セッション記号 S (固体地球科学) » S-VC 火山学

[S-VC28] 活動的⽕⼭

2021年6月5日(土) 17:15 〜 18:30 Ch.16

コンビーナ:前田 裕太(名古屋大学)、三輪 学央(防災科学技術研究所)、松島 健(九州大学大学院理学研究院附属地震火山観測研究センター)

17:15 〜 18:30

[SVC28-P18] 2018年の霧島山噴火活動に伴う火山性地震の振幅空間分布を用いた震源推定

*五島 大樹1、松本 聡2、光岡 郁穂1、湯浅 雄平4、河村 優太1、市原 美恵3 (1.九州大学大学院理学府地球惑星科学専攻、2.九州大学大学院理学研究院付属地震火山観測研究センター、3.東京大学地震研究所、4.気象庁大阪管区気象台)

キーワード:火山性微動、振幅の空間分布

霧島山は鹿児島県と宮崎県の県境に位置する、約20の火山から構成される火山群である。2011年にはその中の新燃岳、2018年には新燃岳と硫黄山で噴火が発生している。Ichihara et al (2017)では2011年の噴火活動期間に発生した火山性微動について振幅のの空間から微動位置変化を求め、火口直下の浅い震源が決定され、表面現象との関係を説明している。一方、マグマだまりからのマグマの移動に伴って発生する地震の震源いどうについてはよくわかっていない。現在、霧島山のマグマだまりの位置はGPS観測による新燃岳の北西5km、深さ8kmにあるという研究結果(Nakao et al., 2013)とMT観測によって硫黄山北東の深さ5kmにマグマポケットがあり、硫黄山北西の深さ10kmにマグマだまりがあるという研究結果(Aizawa et al., 2014)などがある。これに対して本研究では、2018年の新燃岳と硫黄山の噴火に伴う深部での流体の移動があると考え、それに伴って発生する地震について、より多くの地震観測点を用いることでさらに高精度に震源を決定していきたいと考えている。観測点は、九州大学、東京大学、気象庁、防災科学技術研究所が設置したものを利用している。

 手法としては、p波到達から1秒間の平均二乗平方根(以降RMS_amp)を計算する。その後、2018年4月9日に島根県で発生した遠地地震を利用して観測点の地盤増幅特性を推定し、RMS_ampに対して地盤増幅特性の影響を除去する。
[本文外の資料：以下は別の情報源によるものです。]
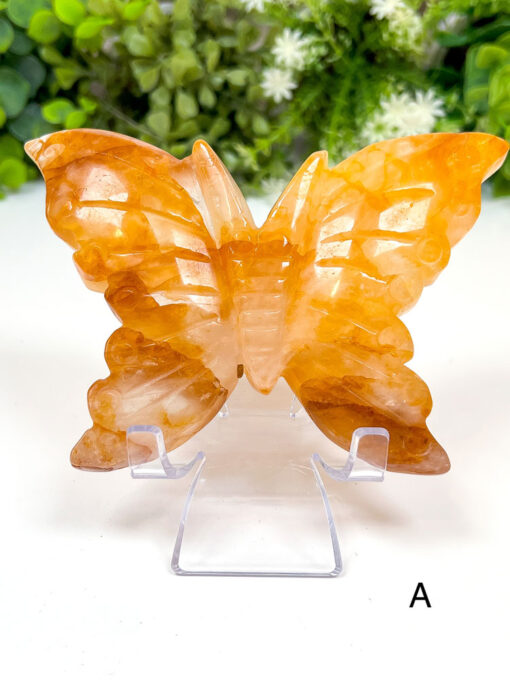 Large Golden Healer Butterfly | A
その後、振幅の空間分布から震源位置の推定を行う。

 まず、この領域で発生している自然地震について、震央位置を固定したときの深さとQ値でグリッドサーチを行い、深さの推定を行った。その結果、あまり精度よく深さの推定ができなかった。これは自然地震の輻射特性によるものであると考えられる。
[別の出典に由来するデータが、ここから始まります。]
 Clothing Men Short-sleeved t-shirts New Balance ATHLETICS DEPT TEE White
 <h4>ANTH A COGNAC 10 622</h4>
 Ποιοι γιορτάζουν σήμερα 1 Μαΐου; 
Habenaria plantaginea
 次に、先ほどの自然地震と4月5日に発生した爆発地震について、深さとQ値を固定し、硫黄山と新燃岳を含む範囲で水平方向にグリッドサーチを行った。その結果、既に推定されている震央位置に近い場所に推定された。特に、爆発地震に関してはより近い場所に推定されている。以上より、この方法を微動源検出に有効であると考えられ、今後長時間の微動記録に適用する。